(What to do)
Give the data again in full, without pictures.

(Dataset extract)
__________
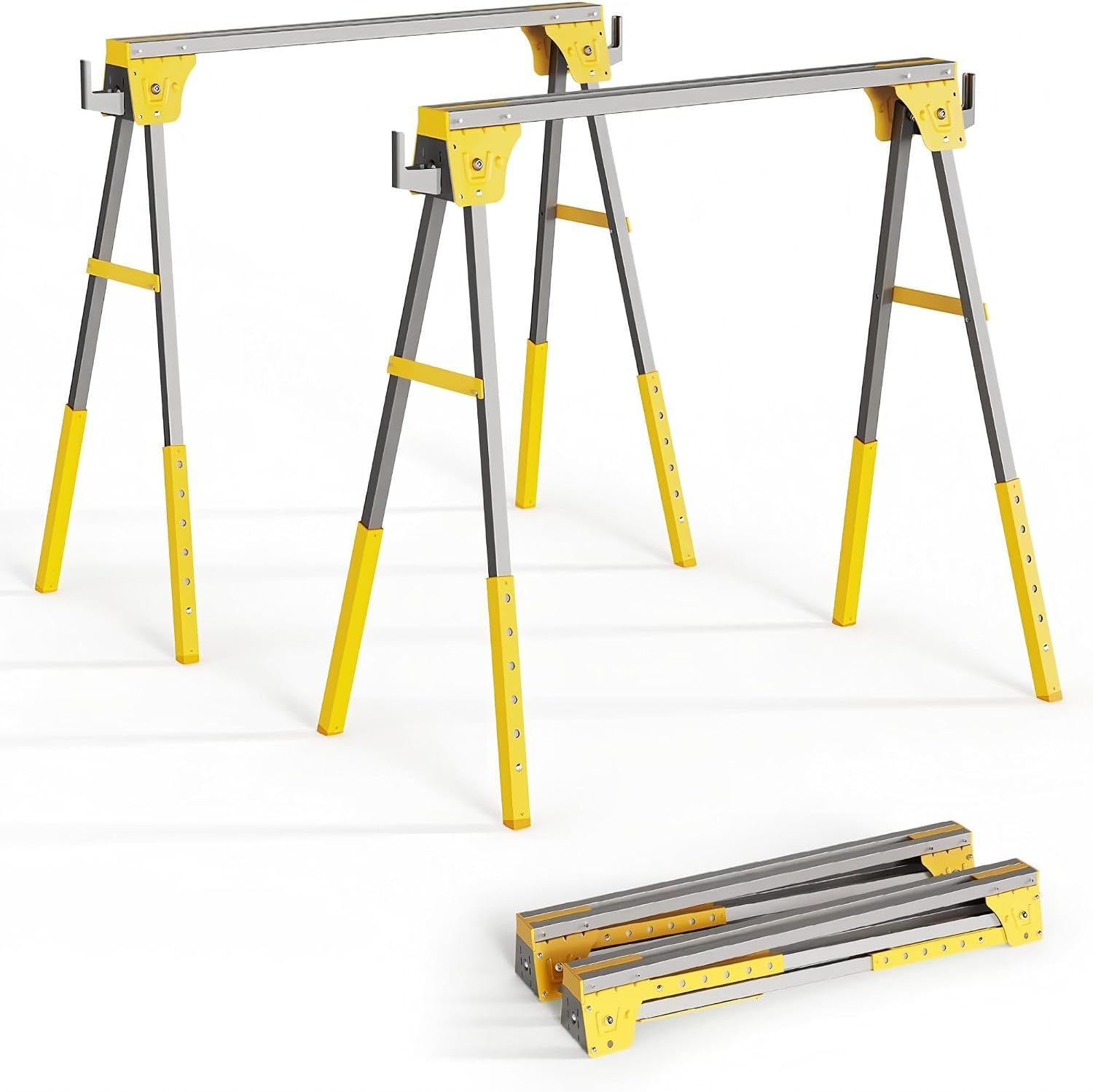 Chevalet à scie réglable en ha - Woodworking Bench avis et prix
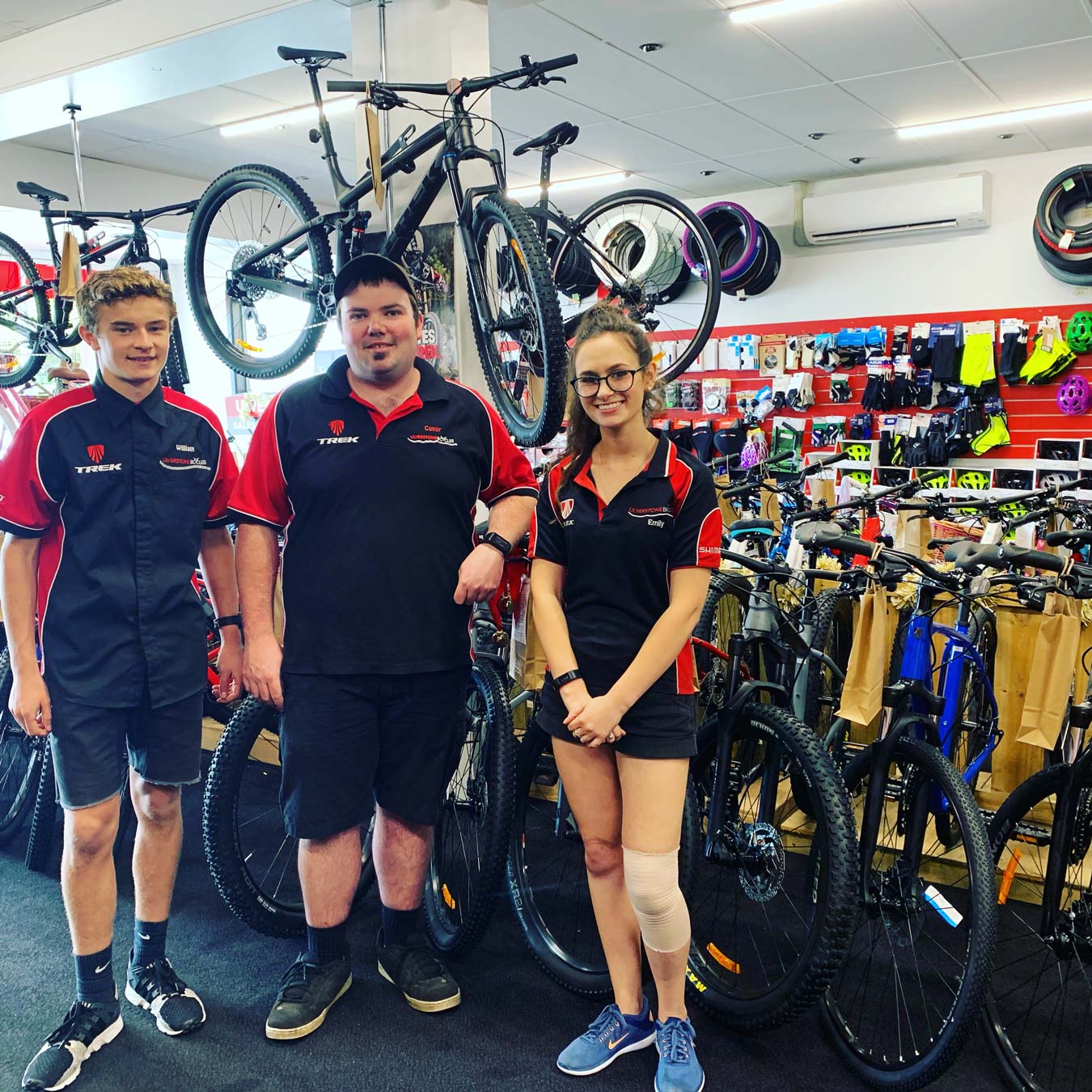 ULVERSTONE BICYCLES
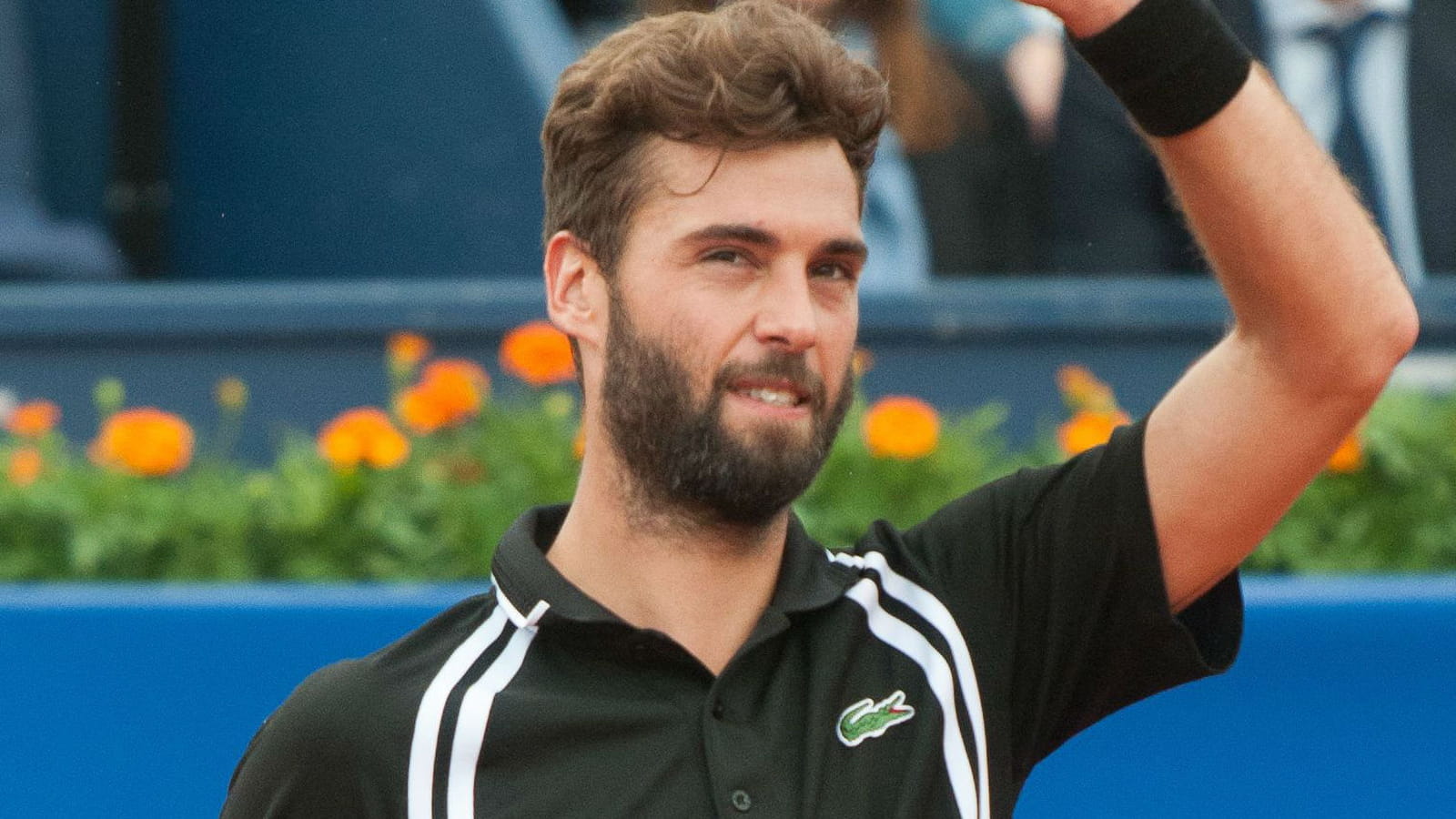 Benoît Paire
__________
(Result of this task)
 Chevalet à scie réglable en ha - Woodworking Bench avis et prix
 ULVERSTONE BICYCLES
 Benoît Paire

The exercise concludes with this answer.